In which cities the current board members live will be taken into consideration. Ward 2 Trustee Dr. Judy Walters lives in Martinez, and Ward 5 Trustee Fernando Sandoval, a Pittsburg resident, were elected last year. Ward 1 Trustee and Richmond resident, John Marquez, Ward 3 Trustee Rebecca Barrett who also lives in Martinez and Ward 4 Trustee Andy Li, a San Ramon resident, are up for election, next year.
According to the staff report on the Nov. 10th presentation, “Pursuant to Education Code Section 5019.5, following each decennial federal census, and using population figures as validated by the Demographic Research Unit of the Department of Finance as a basis, the governing board of each school district or community college district in which trustee areas have been established, and in which each trustee is elected by the residents of the area the trustee represents, shall adjust the boundaries of any or all of the trustee areas of the district such that the population of each is, as nearly as may be, the same proportion of the total population of the district as each of the other areas. 4CD must update ward boundaries as needed to achieve this equalization by February 28, 2022. The attached presentation is informational and represents the first phase of this process.”
Since there was nothing mentioning the districts ward equalization process on the 4CD website, several questions were asked of Executive Vice Chancellor Mojdeh Mezhdizadeh, in charge of the redistricting process, and District PIO Timothy Leong.
Q. Will there be an online mapping tool for the public to use to submit proposed maps on the district’s website, as other agencies, including Contra Costa County and the Cities of Antioch and Brentwood, as well as the state are offering.?
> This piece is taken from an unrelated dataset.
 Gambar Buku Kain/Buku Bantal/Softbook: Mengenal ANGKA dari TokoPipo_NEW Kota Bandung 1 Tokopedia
A. The process you are referring to are related to municipality actions being done in compliance with the Fair Maps Act, which are to be followed when cities and counties address the redistricting challenge following the 2020 Census. Community college districts are governed by different legal standards, specifically Education Code section 5019.5.
That code also reads:
“(a)(1) The population of each area is, as nearly as may be, the same proportion of the total population of the district as the ratio that the number of governing board members elected from the area bears to the total number of members of the governing board.
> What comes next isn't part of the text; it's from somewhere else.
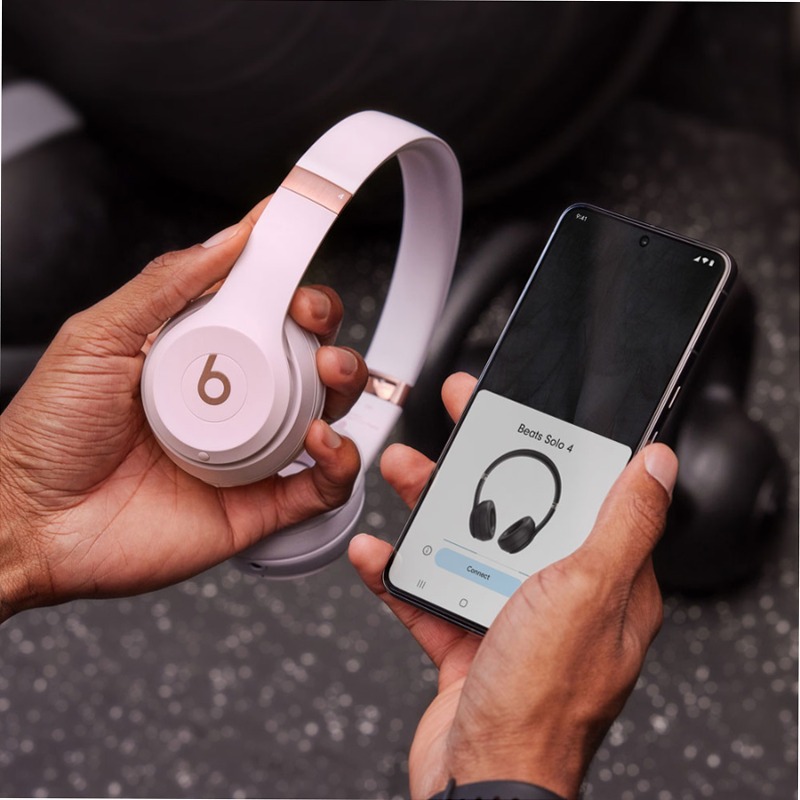 Beats Solo 4 - Rosa nuvola Oro On-Ear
(2) The population of each area is, as nearly as may be, the same proportion of the total population of the district as each of the other areas.
(b) The boundaries of the trustee areas shall be adjusted by the governing board of each school district or community college district, in accordance with subdivision (a), before the first day of March of the year following the year in which the results of each decennial census are released. If the governing board fails to adjust the boundaries before the first day of March of the year following the year in which the results of each decennial census are released, the county committee on school district organization shall do so before the 30th day of April of the same year.”
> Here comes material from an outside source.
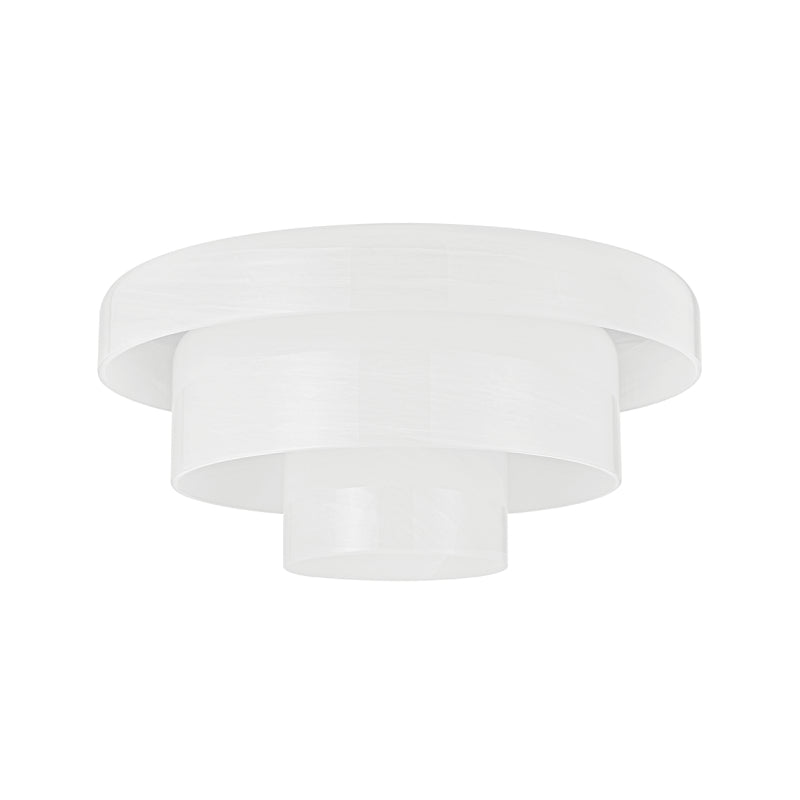 Hudson Valley 1008 Port Richmond 1-lt 16" Flush Mount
Q. Will there be a hearing schedule for the public to participate in the process?
A. A public hearing on redistricting will be scheduled at the Governing Board’s December 8, 2021, meeting, to obtain community input on the District’s draft redistricting recommendation. In addition, a proposed draft map will be shared and described at this meeting.
Q. The presentation during the Nov. 10th board meeting and the staff report reads, “4CD must update ward boundaries as needed to achieve this equalization by February 28, 2022” and the “presentation is informational and represents the first phase of this process.” What is that process going to beand when, please? When will the next board meeting be held? It doesn’t show on the Board Docs webpage.
A. The presentation at the November 10, 2021, Governing Board meeting, was the first phase of the redistricting process. Since that meeting, 4CD research staff, under the direction of legal counsel, have been analyzing the 2020 Census information and are finalizing a draft recommendation to adjust the five wards in order to meet the population balance and proportions as required by Education Code. This will be presented at the December 8, 2021, Governing Board meeting.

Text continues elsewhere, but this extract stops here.